クレジットカード決済やコンビニ決済、Pay-easy、キャリア決済、後払いなど多彩な決済に対応しており、不正検知などの高度なセキュリティ機能が実装されています。
Shopifyとの連携にはカスタム開発が必要になる場合がありますが、本格的なEC運営を目指す事業者にとっては有力な選択肢です。
クレジットカード以外の決済方法を導入するメリット
Shopifyにクレジットカード決済以外の決済方法を導入する主なメリットは次のとおりです。
- クレジットカード未所持の顧客へリーチできる
- セキュリティ不安を感じる顧客へリーチできる
- 売り上げの最大化につながる
それぞれを解説します。
クレジットカード未所持の顧客へリーチできる
クレジットカード以外の決済手段を用意することで、クレジットカードを保有していない顧客層の取りこぼしを防げます。
日本国内では、10~20代の学生・未成年や高齢者を中心に、クレジットカードを持っていない、あるいは利用を控えている人が一定数存在します。
特に学生や未成年は、審査上の理由でカード自体を作れないことが多く、こうした層にとっては代替決済手段の有無が購入の可否を大きく左右します。
セキュリティ不安を感じる顧客へリーチできる
クレジットカード以外の決済手段を導入することで、セキュリティ面に不安を抱える顧客の心理的ハードルを下げられます。
ECサイトにおいてクレジットカード決済は一般的ですが、今なお「カード情報を入力したくない」と感じている顧客は少なくありません。
例えば、中高年層や、過去に個人情報漏えい・不正利用に関するニュースを目にしたことのある人にとっては、カード番号やセキュリティコードの入力自体が心理的な抵抗につながります。
特に、後払い決済は商品を受け取ってから代金を支払う仕組みであるため、「商品が届くか不安」「初めてのショップで信頼性が分からない」といった購入前の不安感を軽減する効果が期待できます。
売り上げの最大化につながる
多様な決済手段を導入することは、結果として売り上げの最大化につながります。
顧客が「使いたい」と感じる支払い方法は、年齢層・ライフスタイル・利用デバイスによって大きく異なります。例えば、スマートフォンでの買い物に慣れた若年層はキャリア決済やモバイルウォレットを好み、シニア層やクレジットカードを持たない層はコンビニ払いや銀行振込を選ぶ傾向があります。

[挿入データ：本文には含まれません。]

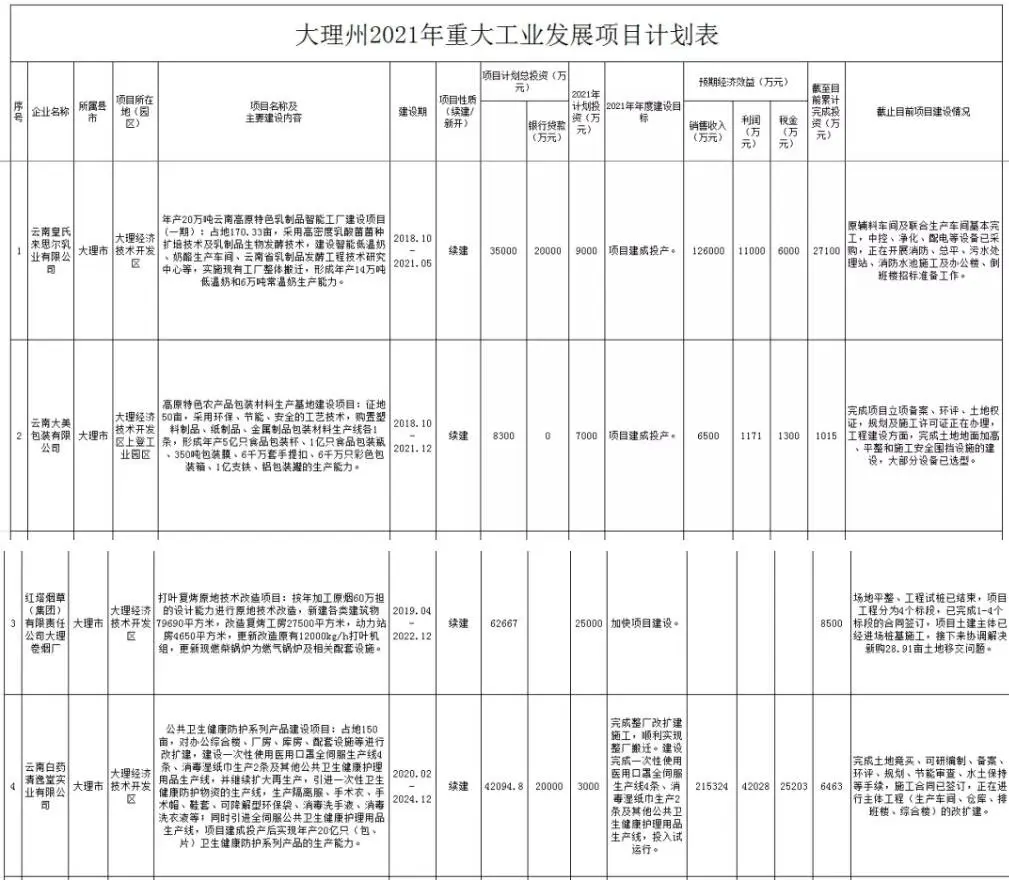 146亿元！大理州2021重大工业发展项目计划公布！附名单！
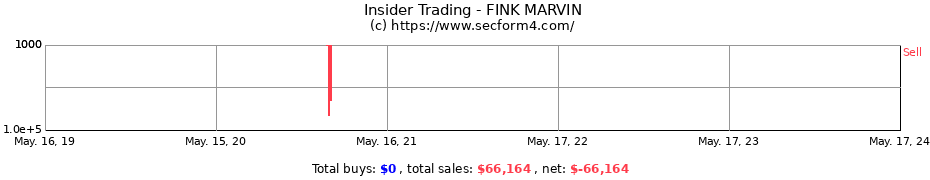 Insider Trading Transactions for FINK MARVIN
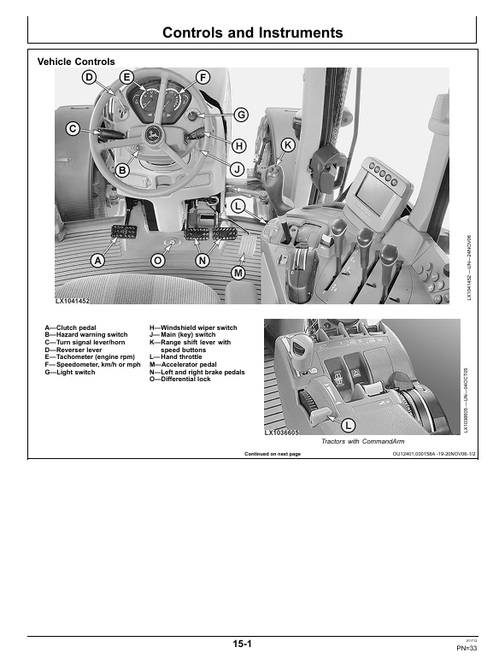 John Deere 6530 6534 6630 6830 6930 Operator Manual PDF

実際に、後払い決済やスマホ決済の導入をきっかけに、特定の顧客層からの注文数が増加したり、客単価が上昇したといった成果が報告されるケースも少なくありません。
クレジットカード以外の決済方法を導入するときの注意点
Shopifyでクレジットカード決済以外の決済方法を導入する際に気をつけるべきポイントは次のとおりです。
- 決済ごとに異なる入金タイミングを把握しておく
- 注文キャンセルや未払い時の対応ルールを明確にする
- 決済ごとの手数料体系を比較・精査する
- 顧客対応・サポート体制を整える
それぞれについて解説します。
決済ごとに異なる入金タイミングを把握しておく
決済手段によって入金のタイミングは異なるため、事前に把握しておくことが重要です。
クレジットカード決済では比較的早期に入金が反映されますが、他の決済方法では確認までに時間差が生じるケースがあります。
例えばコンビニ決済は、購入者が支払いを完了してから実際に入金が確認できるまで、数時間から1日程度かかることがあり、即時発送が難しい場合もあります。
また、後払いサービスでは、入金が「顧客の支払い完了後」や「決済会社の定める締日・支払日」に左右されることが一般的です。
注文キャンセルや未払い時の対応ルールを明確にする
銀行振込やコンビニ払いのような「先払い型」決済では、支払いが完了しない限り取引が成立しません。そのため、非クレジットカード決済を導入する際は、未払い時の対応ルールをあらかじめ整備しておく必要があります。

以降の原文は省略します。